▶ **Task details**
Exclude the pictures, then repeat the remaining data exactly.

▶ **Recorded data**
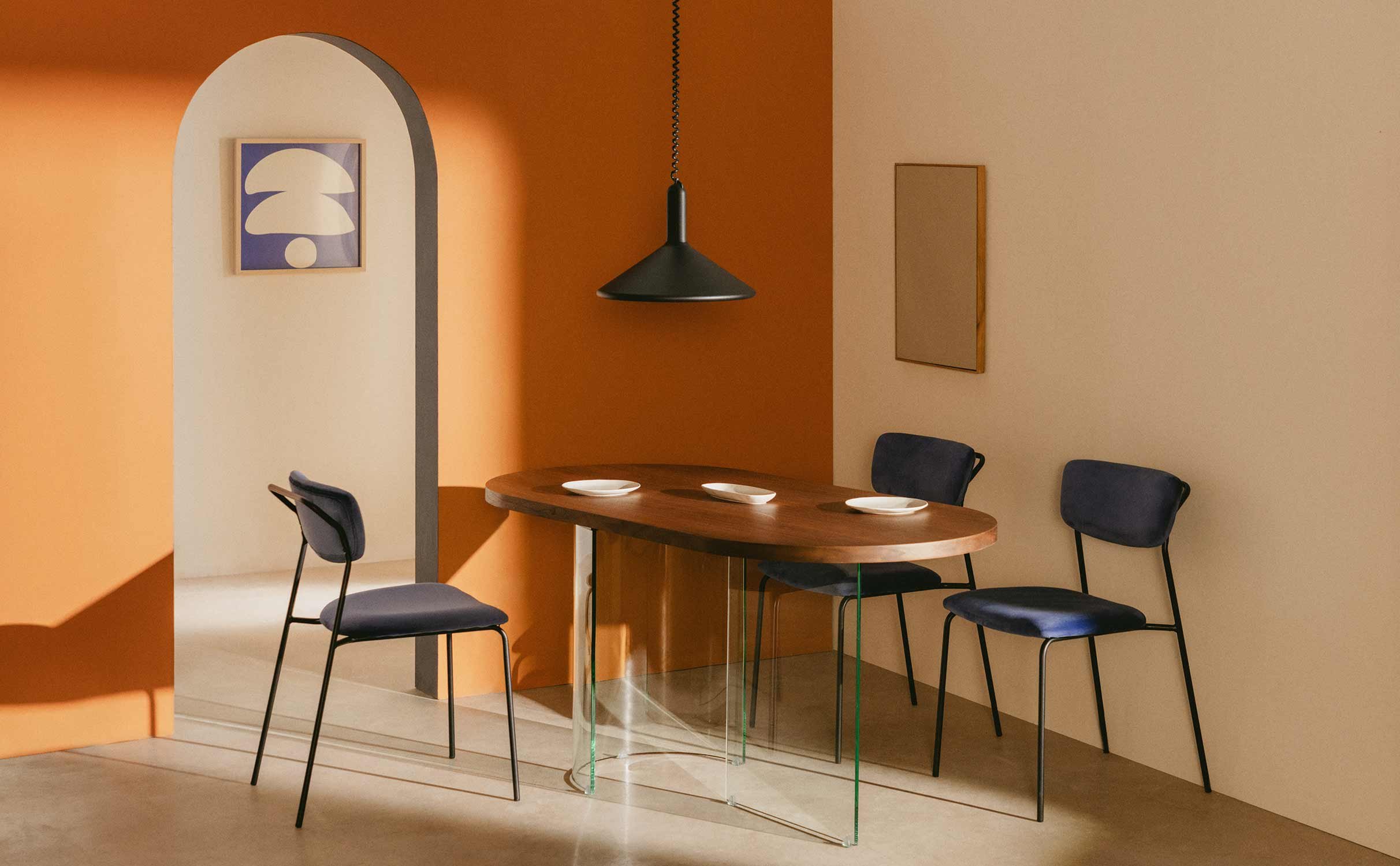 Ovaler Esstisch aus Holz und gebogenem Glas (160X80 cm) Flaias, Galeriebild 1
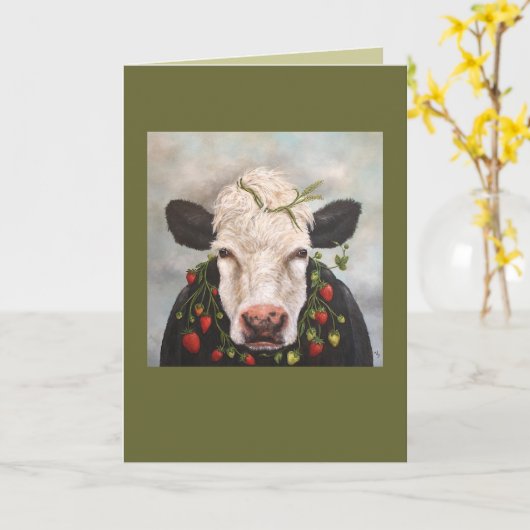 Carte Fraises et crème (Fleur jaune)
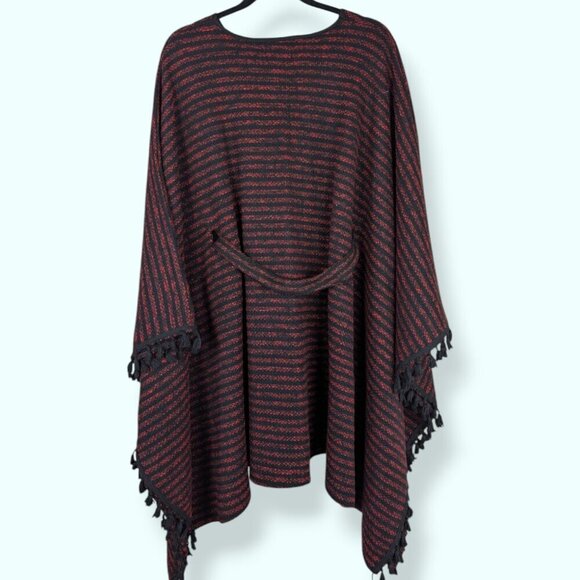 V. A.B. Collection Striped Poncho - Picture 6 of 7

▶ **Written response**
 Ovaler Esstisch aus Holz und gebogenem Glas (160X80 cm) Flaias, Galeriebild 1
 Carte Fraises et crème (Fleur jaune)
 V. A.B. Collection Striped Poncho - Picture 6 of 7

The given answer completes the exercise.